OLIVIER DEBOUZY: How to Stop Iran – WSJ.com
OPINION EUROPE DECEMBER 16, 2009, 5:15 P.M. ET
How to Stop Iran
The West has reached a defining moment in its bid to prevent the rogue state from going nuclear.
By OLIVIER DEBOUZY
The lack of progress in negotiations with Iran, together with the latest report from the International Atomic Energy Agency and Iran’s announcement that it would develop new enrichment facilities, all point toward an inconvenient truth: Iran is not only not serious about negotiating in good faith. It is also very likely that it has, for more than a decade now, concealed a significant part of what appears to be a major nuclear military effort. This week’s revelations about Iran’s recent work on warhead design underscore the point. No country has ever gone so far along the road toward the acquisition of a nuclear military capability without actually developing one.
Iran could well stop at the threshold of such capability, letting it be known to all specialists that it has a military capability without openly deploying it. This would still leave it uncertain, in the eyes of the public, whether it really has an effective nuclear arsenal. But this would not change much in practical terms. Western decision makers are now at a defining moment.
Politically, no Israeli prime minister could survive the fact that Iran became a nuclear-armed state, officially or unofficially, on his watch. The pressure on the Israeli government to do something to counter Iran’s acquisition of nuclear weapons would be so strong that it could well be tempted to play a desperate gamble, regardless of any security guaranties that the U.S. might offer.
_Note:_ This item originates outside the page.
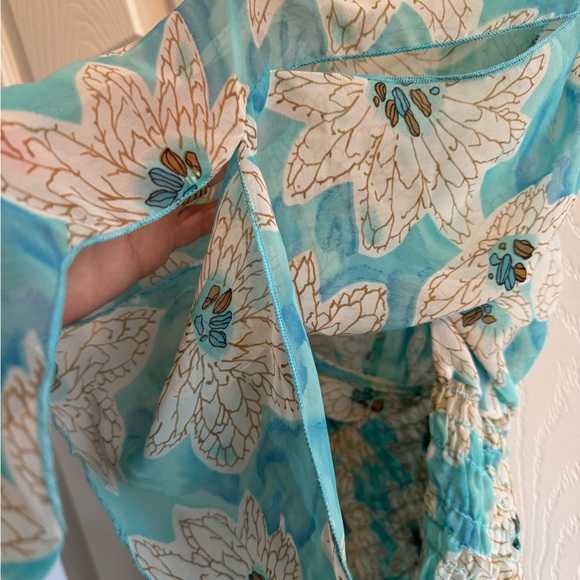 Beautiful Lightweight Cropped Blouse - Picture 3 of 6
Similarly, no U.S. president (especially one endowed with a Nobel Prize) could escape blame for having let Iran become a nuclear-weapon state by consistently underestimating its ability to conceal its preparations. The intelligence community’s credibility would be devastated, and the indecision by successive administrations (Clinton, Bush and now Obama) to quash a program that has been suspected for 15 years and openly known for seven would be seen as a failure of major proportions.